Co-producing Community Narratives Across North Wales

The Co-producing Community Narratives project was developed to complement traditional data-led approaches to understanding communities across North Wales. By working creatively and collaboratively with people in six distinct locations, the project sought to explore how place is experienced, felt and imagined by those who live there.
What emerged was a rich, human picture of community life, one that statistics alone cannot capture.
Listening through creative practice

Across all locations, arts-based engagement proved highly effective in enabling participation from a wide range of people, including elderly residents, children, teenagers, migrant communities and individuals experiencing poverty or ill health. Creative activity offered a non-threatening entry point for conversation, allowing participants to speak openly about their lives without feeling judged or scrutinised.

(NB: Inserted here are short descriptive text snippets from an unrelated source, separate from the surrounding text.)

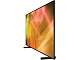 Телевізор Samsung 43" LED 4K Smart (UE43AU8000UXUA)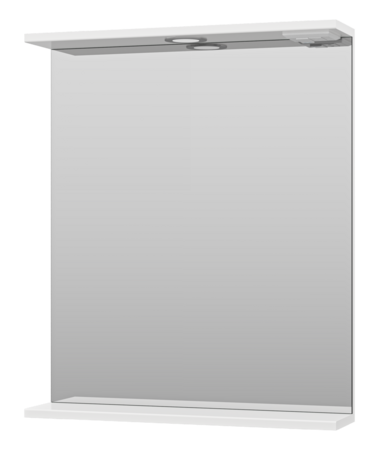 Зеркало (60х72) Misty Енисей 60 Э-Ени02060-011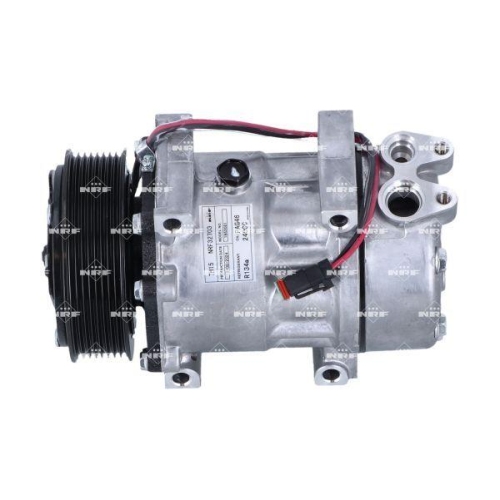 NRF Kompressor, Klimaanlage EASY FIT 32703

Working through trusted community partners, such as foodbanks, care settings, youth groups and cultural spaces, was essential. These relationships created safe environments where people felt confident sharing honest perspectives, including criticism of services and systems.
Shared challenges, diverse experiences
While each community was distinct, common themes emerged. Transport was repeatedly identified as a major barrier to participation, closely linked to isolation and access to opportunity. Loneliness, accessibility, environmental quality and the loss of community spaces featured across age groups and locations.
At the same time, experiences differed by demographic. Older residents spoke acutely about isolation and stigma, migrant communities highlighted language barriers and discrimination, and young people expressed frustration, disconnection and concern shaped by wider social influences.
Learning for the future
The project demonstrated that creative, narrative approaches can deepen understanding of wellbeing, complementing quantitative data with lived experience. Participants did not simply describe problems; they articulated values, assets and aspirations, offering insight into what meaningful change could look like.
Co-producing Community Narratives shows that listening differently — with care, creativity and time — can lead to richer, more grounded insight. It provides a strong foundation for future engagement, policy development and investment that genuinely reflects the lives of people across North Wales.